When I passed my test in 2018 I bought a cheap little runaround to get me started. I didn’t really want to be buying something all lovely and shiny to start out in because of inevitable knocks and bumps that were going to happen.

Now we’re nearly 2 years down the line and I have found my feet more with driving and that extra confidence I needed, it’s time to upgrade.

Plus, she’s a banger and I’ve paid more out on her in repairs than she’s worth in total and I was told when she passed her last MOT that that was the last year she'd scrape through on really. They said this year she’d need to go! 

I’m actually a little bit gutted. As much of a banger she is, she’s my banger and I’ve grown to love her. I know her inside out and the thought of getting used to a new car is a little scary.

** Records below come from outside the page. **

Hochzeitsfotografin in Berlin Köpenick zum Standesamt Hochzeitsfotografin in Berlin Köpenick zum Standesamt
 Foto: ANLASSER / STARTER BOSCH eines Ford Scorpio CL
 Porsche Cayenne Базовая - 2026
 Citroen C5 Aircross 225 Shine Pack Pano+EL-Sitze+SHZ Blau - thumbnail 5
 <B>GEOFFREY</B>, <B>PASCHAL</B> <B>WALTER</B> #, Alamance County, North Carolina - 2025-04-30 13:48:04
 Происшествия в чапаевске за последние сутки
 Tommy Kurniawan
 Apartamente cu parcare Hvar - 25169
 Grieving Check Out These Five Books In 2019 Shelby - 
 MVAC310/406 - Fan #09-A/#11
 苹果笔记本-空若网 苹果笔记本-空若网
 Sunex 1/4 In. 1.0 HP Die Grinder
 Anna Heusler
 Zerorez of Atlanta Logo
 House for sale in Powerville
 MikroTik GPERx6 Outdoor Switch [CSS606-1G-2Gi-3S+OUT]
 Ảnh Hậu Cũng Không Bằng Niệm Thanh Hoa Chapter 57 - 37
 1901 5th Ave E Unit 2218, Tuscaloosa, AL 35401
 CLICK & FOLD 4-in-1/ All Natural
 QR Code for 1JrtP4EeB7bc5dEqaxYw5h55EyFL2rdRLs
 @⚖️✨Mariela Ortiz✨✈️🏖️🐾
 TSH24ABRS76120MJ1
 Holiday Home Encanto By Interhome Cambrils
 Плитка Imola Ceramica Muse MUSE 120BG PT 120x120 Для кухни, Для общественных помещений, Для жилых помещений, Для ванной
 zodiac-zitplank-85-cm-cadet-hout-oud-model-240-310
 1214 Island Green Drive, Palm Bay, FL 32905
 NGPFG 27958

So basically it’s save save save for the next 9 months before the MOT is due in October. 

The plan is to work my ass off covering and doing holiday club as much as I can and putting any overtime I get straight into the car fund. I’m hoping a few grand will get me something half decent?

Book & pay for our big 2021 holiday

Private Island at the Hotel in Montego Bay
Next year is Phils 40th and we are going to sacrifice our holiday this year in order to celebrate next year in style with a ‘big’ holiday. We’ve actually already booked it after researching destinations for months and months we decided on Jamaica. There are many other places on the bucket list but they are all very much places we would like to visit on our own, without the children in tow to really enjoy then properly but Jamaica ticked all the boxes for both adults and children alike. 

The year ahead is all about saving the many thousands of pounds to pay it off. 



Other than these few goals, my main aim is to continue on the positive path I have been on with regards to my health and wellbeing. Anxiety will always be there. It will always be a part of me, but I will continue to fight it and keep it at bay. The aim is not to let it take control of me quite like it did in 2018. I managed it in 2019 and I’m positive I can do the same in 2020.